## TASK BRIEF
Each record must appear in the answer exactly as given.
>>>>>
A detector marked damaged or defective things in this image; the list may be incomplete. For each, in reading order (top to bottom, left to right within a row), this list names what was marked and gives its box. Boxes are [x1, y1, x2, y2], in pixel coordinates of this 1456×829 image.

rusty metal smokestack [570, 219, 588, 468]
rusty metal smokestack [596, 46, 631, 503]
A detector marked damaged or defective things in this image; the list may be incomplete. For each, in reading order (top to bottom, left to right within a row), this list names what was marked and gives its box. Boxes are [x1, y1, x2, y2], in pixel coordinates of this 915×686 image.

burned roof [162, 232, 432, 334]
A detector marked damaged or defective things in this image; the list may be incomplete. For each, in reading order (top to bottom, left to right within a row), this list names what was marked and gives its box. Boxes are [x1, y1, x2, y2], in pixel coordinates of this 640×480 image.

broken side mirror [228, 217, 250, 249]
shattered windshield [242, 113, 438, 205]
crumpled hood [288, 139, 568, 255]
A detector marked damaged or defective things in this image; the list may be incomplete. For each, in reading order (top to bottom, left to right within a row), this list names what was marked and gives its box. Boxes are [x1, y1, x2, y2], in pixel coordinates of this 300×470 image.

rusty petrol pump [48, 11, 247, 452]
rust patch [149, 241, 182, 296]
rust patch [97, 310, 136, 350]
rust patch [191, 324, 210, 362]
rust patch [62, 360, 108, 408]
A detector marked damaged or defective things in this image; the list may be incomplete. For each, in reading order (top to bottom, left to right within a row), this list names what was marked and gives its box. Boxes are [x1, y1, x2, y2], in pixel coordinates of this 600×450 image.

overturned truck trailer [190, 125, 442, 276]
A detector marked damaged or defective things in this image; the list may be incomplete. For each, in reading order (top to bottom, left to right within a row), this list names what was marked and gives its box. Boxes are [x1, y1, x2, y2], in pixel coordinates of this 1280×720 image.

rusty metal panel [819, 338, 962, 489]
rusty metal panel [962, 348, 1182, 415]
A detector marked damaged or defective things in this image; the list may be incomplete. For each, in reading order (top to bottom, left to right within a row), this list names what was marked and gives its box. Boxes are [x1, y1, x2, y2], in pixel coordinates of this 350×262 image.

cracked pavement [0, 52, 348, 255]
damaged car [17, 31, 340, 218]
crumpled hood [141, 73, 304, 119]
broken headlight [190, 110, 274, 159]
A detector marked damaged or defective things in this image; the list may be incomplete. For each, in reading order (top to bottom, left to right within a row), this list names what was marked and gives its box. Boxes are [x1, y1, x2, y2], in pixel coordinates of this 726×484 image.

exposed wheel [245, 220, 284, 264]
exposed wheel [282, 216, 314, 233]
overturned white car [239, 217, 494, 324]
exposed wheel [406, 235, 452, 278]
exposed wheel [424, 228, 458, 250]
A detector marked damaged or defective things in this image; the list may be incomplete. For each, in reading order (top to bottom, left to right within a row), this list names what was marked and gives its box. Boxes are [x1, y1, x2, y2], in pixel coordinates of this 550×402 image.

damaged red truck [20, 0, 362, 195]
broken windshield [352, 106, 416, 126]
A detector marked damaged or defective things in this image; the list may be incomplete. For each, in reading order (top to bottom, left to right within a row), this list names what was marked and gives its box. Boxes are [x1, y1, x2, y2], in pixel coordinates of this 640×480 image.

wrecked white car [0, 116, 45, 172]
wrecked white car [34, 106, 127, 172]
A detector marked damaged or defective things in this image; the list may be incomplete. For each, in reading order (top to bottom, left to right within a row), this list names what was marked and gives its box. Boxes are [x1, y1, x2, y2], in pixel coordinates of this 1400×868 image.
<<<<<
## ANSWER SPACE
A detector marked damaged or defective things in this image; the list may be incomplete. For each, in reading order (top to bottom, left to right within a row), this list names what was marked and gives its box. Boxes are [x1, y1, x2, y2], in pixel coordinates of this 1456×829 image.

rusty metal smokestack [570, 219, 588, 468]
rusty metal smokestack [596, 46, 631, 503]
A detector marked damaged or defective things in this image; the list may be incomplete. For each, in reading order (top to bottom, left to right within a row), this list names what was marked and gives its box. Boxes are [x1, y1, x2, y2], in pixel coordinates of this 915×686 image.

burned roof [162, 232, 432, 334]
A detector marked damaged or defective things in this image; the list may be incomplete. For each, in reading order (top to bottom, left to right within a row), this list names what was marked and gives its box. Boxes are [x1, y1, x2, y2], in pixel coordinates of this 640×480 image.

broken side mirror [228, 217, 250, 249]
shattered windshield [242, 113, 438, 205]
crumpled hood [288, 139, 568, 255]
A detector marked damaged or defective things in this image; the list may be incomplete. For each, in reading order (top to bottom, left to right within a row), this list names what was marked and gives its box. Boxes are [x1, y1, x2, y2], in pixel coordinates of this 300×470 image.

rusty petrol pump [48, 11, 247, 452]
rust patch [149, 241, 182, 296]
rust patch [97, 310, 136, 350]
rust patch [191, 324, 210, 362]
rust patch [62, 360, 108, 408]
A detector marked damaged or defective things in this image; the list may be incomplete. For each, in reading order (top to bottom, left to right within a row), this list names what was marked and gives its box. Boxes are [x1, y1, x2, y2], in pixel coordinates of this 600×450 image.

overturned truck trailer [190, 125, 442, 276]
A detector marked damaged or defective things in this image; the list may be incomplete. For each, in reading order (top to bottom, left to right within a row), this list names what was marked and gives its box. Boxes are [x1, y1, x2, y2], in pixel coordinates of this 1280×720 image.

rusty metal panel [819, 338, 962, 489]
rusty metal panel [962, 348, 1182, 415]
A detector marked damaged or defective things in this image; the list may be incomplete. For each, in reading order (top to bottom, left to right within a row), this list names what was marked and gives its box. Boxes are [x1, y1, x2, y2], in pixel coordinates of this 350×262 image.

cracked pavement [0, 52, 348, 255]
damaged car [17, 31, 340, 218]
crumpled hood [141, 73, 304, 119]
broken headlight [190, 110, 274, 159]
A detector marked damaged or defective things in this image; the list may be incomplete. For each, in reading order (top to bottom, left to right within a row), this list names what was marked and gives its box. Boxes are [x1, y1, x2, y2], in pixel coordinates of this 726×484 image.

exposed wheel [245, 220, 284, 264]
exposed wheel [282, 216, 314, 233]
overturned white car [239, 217, 494, 324]
exposed wheel [406, 235, 452, 278]
exposed wheel [424, 228, 458, 250]
A detector marked damaged or defective things in this image; the list may be incomplete. For each, in reading order (top to bottom, left to right within a row), this list names what was marked and gives its box. Boxes are [x1, y1, x2, y2], in pixel coordinates of this 550×402 image.

damaged red truck [20, 0, 362, 195]
broken windshield [352, 106, 416, 126]
A detector marked damaged or defective things in this image; the list may be incomplete. For each, in reading order (top to bottom, left to right within a row), this list names what was marked and gives its box. Boxes are [x1, y1, x2, y2], in pixel coordinates of this 640×480 image.

wrecked white car [0, 116, 45, 172]
wrecked white car [34, 106, 127, 172]
A detector marked damaged or defective things in this image; the list may be incomplete. For each, in reading order (top to bottom, left to right within a row), this list names what was marked and gives its box. Boxes are [x1, y1, x2, y2], in pixel coordinates of this 1400×868 image.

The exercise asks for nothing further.